Monday, July 7th, 2008

Watching TV shows is a legitimate hobby. And I don’t mean the kind of mindless channel surfing kind. I mean the deliberate appreciation of drama and comedy series made for TV. It’s as legitimate an art-form as any other, I feel. In fact, I think mainstream TV is doing a much better job using the motion picture medium than most films are.

I watch TV shows but don’t watch actual TV. I’ll gladly watch a whole disc of Futurama in a sitting, but so much as a 30 minute show that’s airing right now will see me skipping off to do something else in the ad-breaks – not to return.

It’s the way of the future – you buy/borrow DVDs, or download files, and watch stuff when you feel like it. Without being advertised at, and without missing out on stuff if you took too long to brush your teeth in the ad break. And just like stamp collecting, playing golf or learning a language, TV viewing a hobby because it’s on your own schedule. You’re in control. You can start and quit anytime you want… right? Right?!

Now that I’ve justified sitting on my arse eating Snakata rice crackers and Lindt Chilli Chocolate, watching hour upon hour of images on screen in lieu of doing something more social (some would call it “having a life”), I’ll tell you the two main shows I’ve been watching.

Dexter

Oh dear lord, this show… It’s “the show that everyone’s talking about”, but for good reason. It’s quite amazing. In case you don’t know, it’s the story of a man who’s a serial killer. But his adopted father, a world-weary cop who has noticed his boy’s violent urges and not-quite-right-ness, taught him to channel his energies into, well, killing ‘bad’ people – and not getting caught.


Morally questionable? Yes. But no more so, I feel, than any TV hero or superhero who goes around killing ‘the bad guys’ – and they do it with far less self-reflection and questioning than Dexter does. Even though he’s a sociopath, he knows it’s questionable territory too.

The dialogue is sharp and deep, the characters complicated and compelling, the twists and turns squeal-worthy, and the performances and direction just beautiful.

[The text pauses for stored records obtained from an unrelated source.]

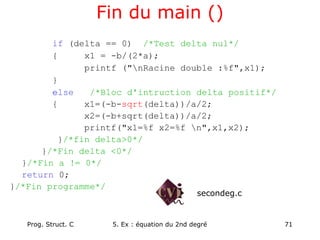 Prog. Struct. C 5. Ex : équation du 2nd degré 71
Fin du main ()
if (delta == 0) /*Test delta nul*/
{ x1 = -b/(2*a);
printf ("nRacine double :%f",x1);
}
else /*Bloc d'intruction delta positif*/
{ x1=(-b-sqrt(delta))/a/2;
x2=(-b+sqrt(delta))/a/2;
printf("x1=%f x2=%f n",x1,x2);
}/*fin delta>0*/
}/*Fin delta <0*/
}/*Fin a != 0*/
return 0;
}/*Fin programme*/
secondeg.c
 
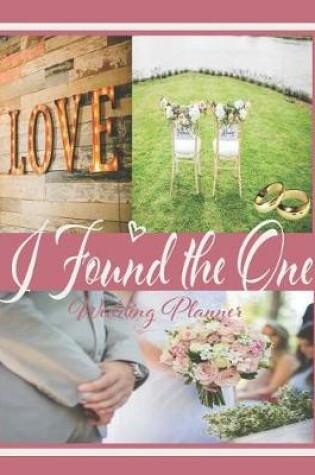 Cover of I Found the One Wedding Planner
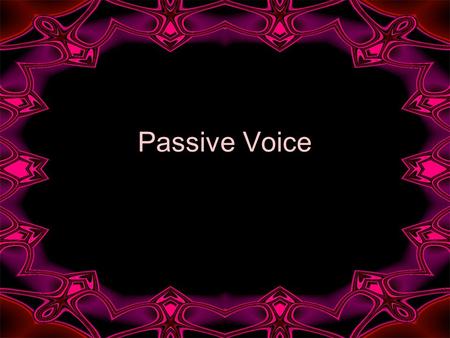 Passive Voice.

But another element that may slip under the radar in many appraisals is the cinematography. Some of the shots are downright strokes of genius. Some are so long and winding you think “How the hell did they shoot it like that?!” Other shots give sinister characters exquisite moments, or turn kind or appealing characters into sinister, almost repulsive ones.

And in all of this, it doesn’t take itself too seriously. It’s disarmingly funny in parts, which makes you suddenly realise you can relate to Dexter – a serial killer, no less. Everyone has felt like an outsider or pretender at some stage. Everyone has, however small, that ‘dark passenger’ inside. Everyone at times wears a mask.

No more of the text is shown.